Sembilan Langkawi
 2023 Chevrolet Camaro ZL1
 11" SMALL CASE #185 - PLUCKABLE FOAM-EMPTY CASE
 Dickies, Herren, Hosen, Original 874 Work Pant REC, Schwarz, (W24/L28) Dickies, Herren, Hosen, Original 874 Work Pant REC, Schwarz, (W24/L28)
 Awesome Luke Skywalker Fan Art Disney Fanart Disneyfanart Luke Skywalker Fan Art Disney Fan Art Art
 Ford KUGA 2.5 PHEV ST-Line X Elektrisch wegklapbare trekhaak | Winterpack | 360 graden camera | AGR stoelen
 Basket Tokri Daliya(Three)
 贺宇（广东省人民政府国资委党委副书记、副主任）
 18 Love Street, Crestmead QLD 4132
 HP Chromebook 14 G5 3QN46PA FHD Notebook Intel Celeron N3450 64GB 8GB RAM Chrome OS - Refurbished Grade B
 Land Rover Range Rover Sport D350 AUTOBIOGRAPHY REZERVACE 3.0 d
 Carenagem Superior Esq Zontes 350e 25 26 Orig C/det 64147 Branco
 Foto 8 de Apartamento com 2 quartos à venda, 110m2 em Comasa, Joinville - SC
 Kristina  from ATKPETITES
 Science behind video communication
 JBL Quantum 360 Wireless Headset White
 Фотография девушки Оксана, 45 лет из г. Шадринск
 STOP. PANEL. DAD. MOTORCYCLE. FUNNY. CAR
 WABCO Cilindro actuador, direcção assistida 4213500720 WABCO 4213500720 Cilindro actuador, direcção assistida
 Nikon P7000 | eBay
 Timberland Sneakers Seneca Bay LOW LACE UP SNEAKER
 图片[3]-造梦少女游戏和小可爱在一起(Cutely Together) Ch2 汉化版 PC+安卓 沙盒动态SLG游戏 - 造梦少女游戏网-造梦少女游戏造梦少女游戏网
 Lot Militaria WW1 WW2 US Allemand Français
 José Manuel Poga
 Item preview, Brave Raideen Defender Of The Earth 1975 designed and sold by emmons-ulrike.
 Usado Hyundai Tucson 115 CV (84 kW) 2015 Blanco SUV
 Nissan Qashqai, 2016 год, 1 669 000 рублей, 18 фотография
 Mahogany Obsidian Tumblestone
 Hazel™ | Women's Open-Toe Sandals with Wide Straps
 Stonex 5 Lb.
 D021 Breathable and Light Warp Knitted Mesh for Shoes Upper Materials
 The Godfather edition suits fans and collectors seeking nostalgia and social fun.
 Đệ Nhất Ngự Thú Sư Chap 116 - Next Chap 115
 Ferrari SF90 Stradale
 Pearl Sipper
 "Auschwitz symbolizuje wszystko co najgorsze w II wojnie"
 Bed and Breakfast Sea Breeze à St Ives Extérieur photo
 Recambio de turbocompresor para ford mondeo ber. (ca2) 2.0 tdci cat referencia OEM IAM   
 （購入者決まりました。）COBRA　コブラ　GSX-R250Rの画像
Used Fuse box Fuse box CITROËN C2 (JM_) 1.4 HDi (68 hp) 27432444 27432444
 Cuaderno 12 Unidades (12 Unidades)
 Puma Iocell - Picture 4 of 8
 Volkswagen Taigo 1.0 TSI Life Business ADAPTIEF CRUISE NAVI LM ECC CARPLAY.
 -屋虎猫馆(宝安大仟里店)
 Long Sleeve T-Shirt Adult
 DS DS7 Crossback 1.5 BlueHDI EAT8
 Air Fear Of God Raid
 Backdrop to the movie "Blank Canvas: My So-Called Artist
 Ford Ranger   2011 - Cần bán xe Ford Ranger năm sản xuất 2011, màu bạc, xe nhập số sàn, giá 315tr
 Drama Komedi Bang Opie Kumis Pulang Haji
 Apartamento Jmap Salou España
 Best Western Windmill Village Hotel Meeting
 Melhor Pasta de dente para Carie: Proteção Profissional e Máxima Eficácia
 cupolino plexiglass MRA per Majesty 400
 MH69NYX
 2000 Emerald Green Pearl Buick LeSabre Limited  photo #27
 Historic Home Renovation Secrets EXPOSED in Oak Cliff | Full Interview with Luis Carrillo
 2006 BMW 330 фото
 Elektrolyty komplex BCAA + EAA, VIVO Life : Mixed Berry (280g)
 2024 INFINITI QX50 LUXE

· · ·

What to work on = In the data above, start at the line that has "Nikon P7000 | eBay", stop after the line that has "Melhor Pasta de", and print every line in between exactly as it stands.

Reply =
 Nikon P7000 | eBay
 Timberland Sneakers Seneca Bay LOW LACE UP SNEAKER
 图片[3]-造梦少女游戏和小可爱在一起(Cutely Together) Ch2 汉化版 PC+安卓 沙盒动态SLG游戏 - 造梦少女游戏网-造梦少女游戏造梦少女游戏网
 Lot Militaria WW1 WW2 US Allemand Français
 José Manuel Poga
 Item preview, Brave Raideen Defender Of The Earth 1975 designed and sold by emmons-ulrike.
 Usado Hyundai Tucson 115 CV (84 kW) 2015 Blanco SUV
 Nissan Qashqai, 2016 год, 1 669 000 рублей, 18 фотография
 Mahogany Obsidian Tumblestone
 Hazel™ | Women's Open-Toe Sandals with Wide Straps
 Stonex 5 Lb.
 D021 Breathable and Light Warp Knitted Mesh for Shoes Upper Materials
 The Godfather edition suits fans and collectors seeking nostalgia and social fun.
 Đệ Nhất Ngự Thú Sư Chap 116 - Next Chap 115
 Ferrari SF90 Stradale
 Pearl Sipper
 "Auschwitz symbolizuje wszystko co najgorsze w II wojnie"
 Bed and Breakfast Sea Breeze à St Ives Extérieur photo
 Recambio de turbocompresor para ford mondeo ber. (ca2) 2.0 tdci cat referencia OEM IAM   
 （購入者決まりました。）COBRA　コブラ　GSX-R250Rの画像
Used Fuse box Fuse box CITROËN C2 (JM_) 1.4 HDi (68 hp) 27432444 27432444
 Cuaderno 12 Unidades (12 Unidades)
 Puma Iocell - Picture 4 of 8
 Volkswagen Taigo 1.0 TSI Life Business ADAPTIEF CRUISE NAVI LM ECC CARPLAY.
 -屋虎猫馆(宝安大仟里店)
 Long Sleeve T-Shirt Adult
 DS DS7 Crossback 1.5 BlueHDI EAT8
 Air Fear Of God Raid
 Backdrop to the movie "Blank Canvas: My So-Called Artist
 Ford Ranger   2011 - Cần bán xe Ford Ranger năm sản xuất 2011, màu bạc, xe nhập số sàn, giá 315tr
 Drama Komedi Bang Opie Kumis Pulang Haji
 Apartamento Jmap Salou España
 Best Western Windmill Village Hotel Meeting
 Melhor Pasta de dente para Carie: Proteção Profissional e Máxima Eficácia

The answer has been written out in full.